"Hava akınları", "koalisyon güçleri", "terörler savaş"... Daha ne kadar bu yalanlara katlanmak zorundayız? Aslında "operasyon" yok, sadece dünyanın en zengin ve en güçlü devletinin, dünyanın en fakir ve en bölünmüş ulusuna karşı bombardımanı var. Hiçbir MIG, Amerikan B-52 yada F-18'leri ile savaşmak için havalanmadı. Kabil semalarında uçuşan mermiler sadece Ruslardan kalan 1943 yapımı uçaksavarlardan çıkıyor. Peki nedir bu koalisyon? Kandahar semalarında bir Luftwaffe'nin uçtuğunu gören var mı? Ya İtalyan, Fransız, hatta Pakistan uçaklarını Herat semalarında gören? Amerikalılar Afganistan'ı sadece birkaç İngiliz füzesinin yardımıyla vuruyor: Tam bir koalisyon... Ya "Terörle savaş?" Ne zaman Jafna yarımadasını bombalamaya başlayacağız.
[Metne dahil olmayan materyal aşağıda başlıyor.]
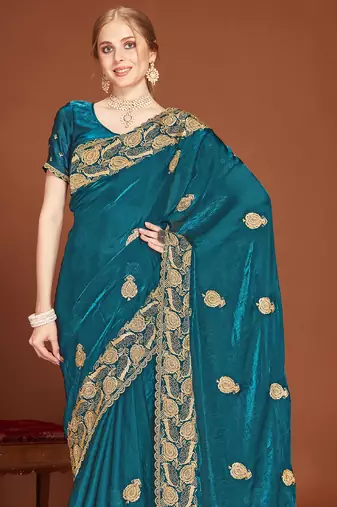 Teal blue sequin embroidered border fendy two tone silk saree sari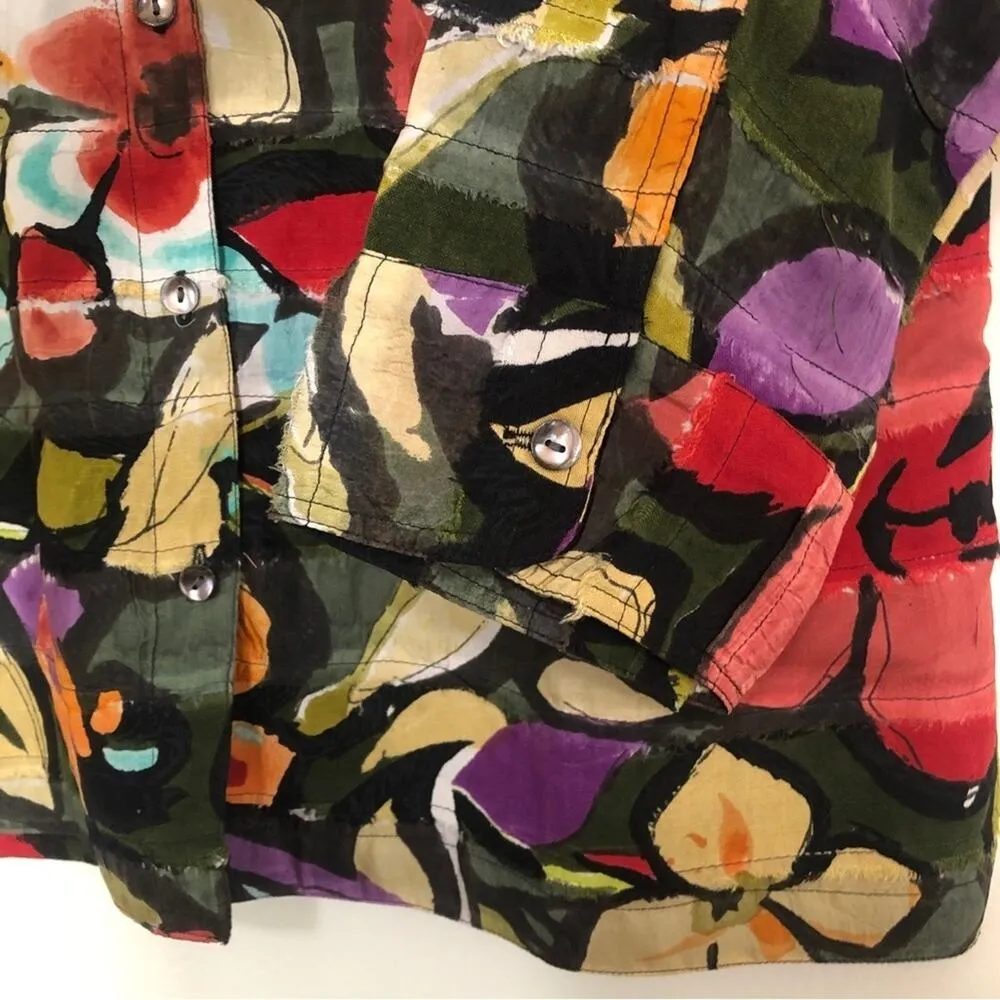 Chico's Linen Blend Multicolor Tropical Floral Button Up 3/4 Sleeve Shirt Blouse - Image 6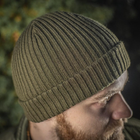 Тактична зимова M-Tac в'язана шапка 100% акрил Olive, тактична військова шапка колір олива для ЗСУ! - зображення 9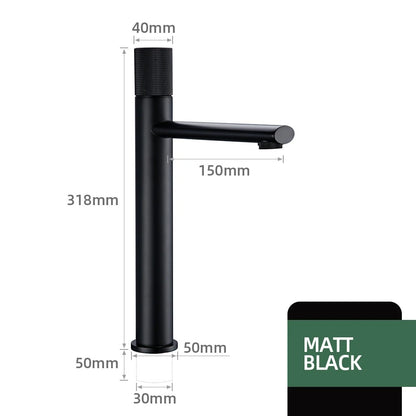 ARTHUR | Matte Black Knurled Basin Faucet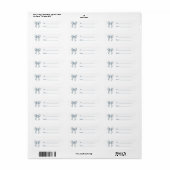 Blauw Witte Boog Kerstmis Etiket (Full Sheet)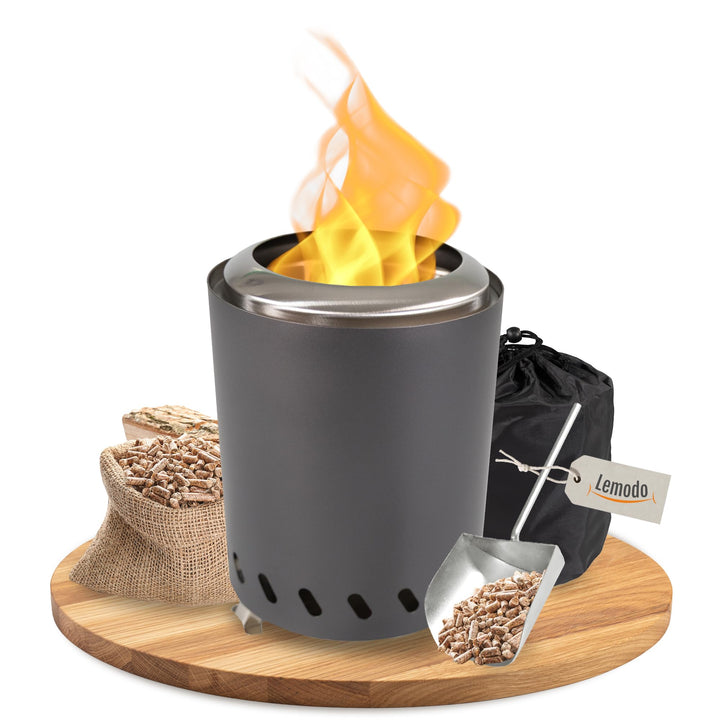 Tischkamin anthrazti rauchfrei, Tischfeuer Outdoor, Mini-Feuerstelle tragbar mit Tragetasche, rauchf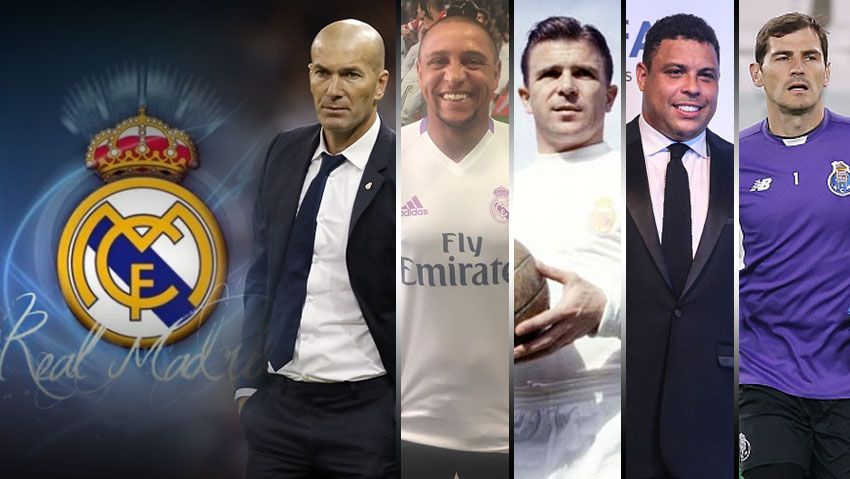 Zidane, Carlos, Puskas, Ronaldo dan Casillas. Copyright: © Grafis:Yanto/Indosport/getty images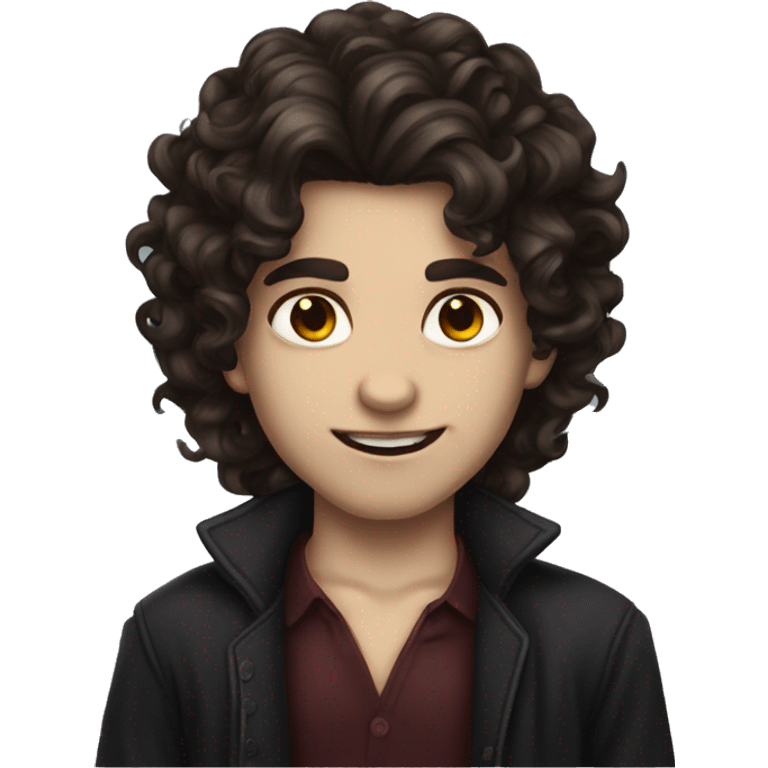 feminine boy with long curly dark brown hair and brown eyes fair skin vampire emoji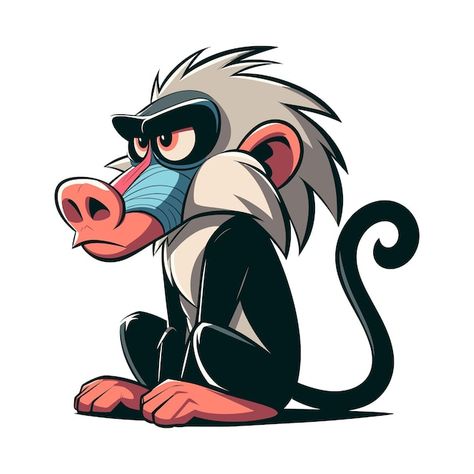 Baboon Character Design, Baboon Art, Anime Graphics, Premium Vector Cartoon, Book Reference, Jungle Mural, Graphic Design Photoshop, Vector Cartoon, Baboon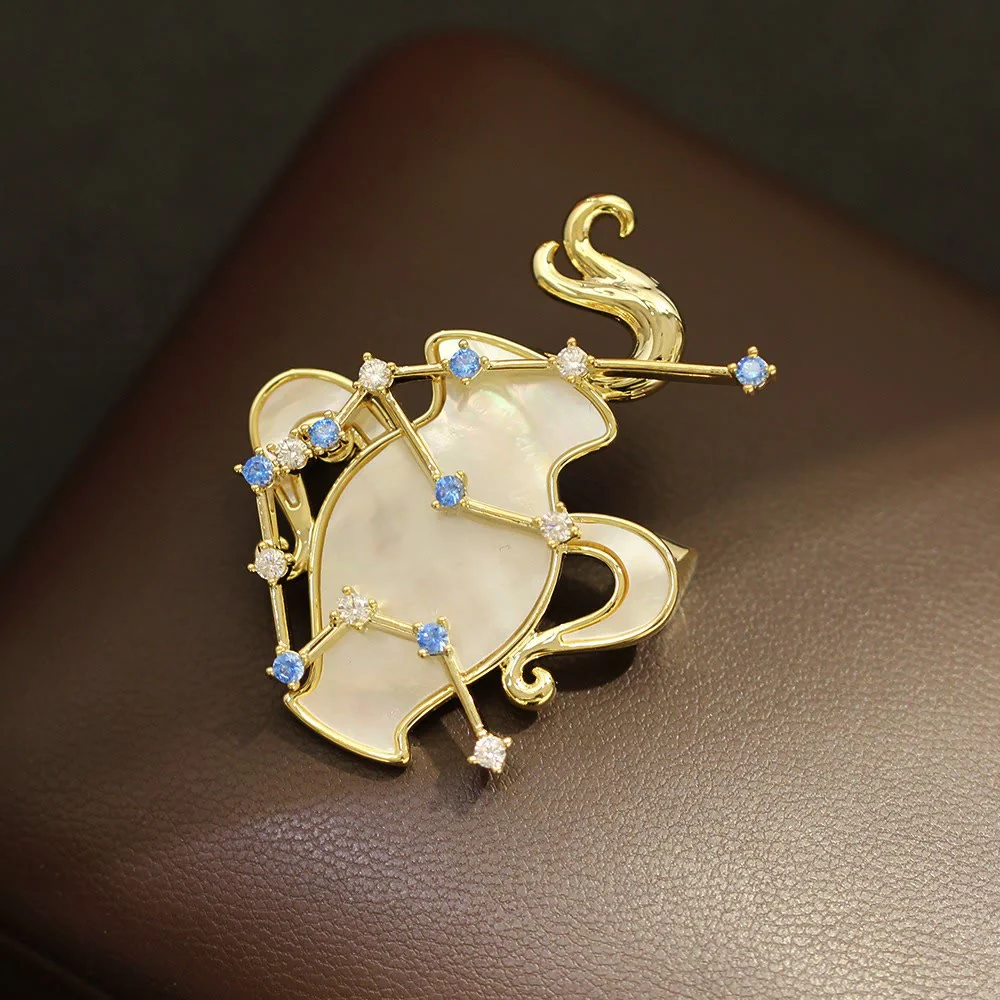 12 Constellation Mother-of-Pearl & Blue Crystal Gold Brooch - Image 20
Ya da Vlademir Putin'in kanlı ellerinde bıraktığımız Çeçenya'yı. 1985'te Seyyid Hasan Nasrullah'ı hedef alan, ancak Nasrullah yerine 85 masum Lübnanlı sivilin katline yol açan Beyrut'taki terörist patlamayı hatırlayın. Yıllar sonra Cari Bernstein yayınladığı kitapta, CIA'ın bu patlamanın ardında olduğunu, Suudilerin de operasyonun finansmanını üslenmeyi kabul ettiğini yazdı. Şimdi ABD Başkanı Bush, CIA'deki katillerin peşine düşecek mi?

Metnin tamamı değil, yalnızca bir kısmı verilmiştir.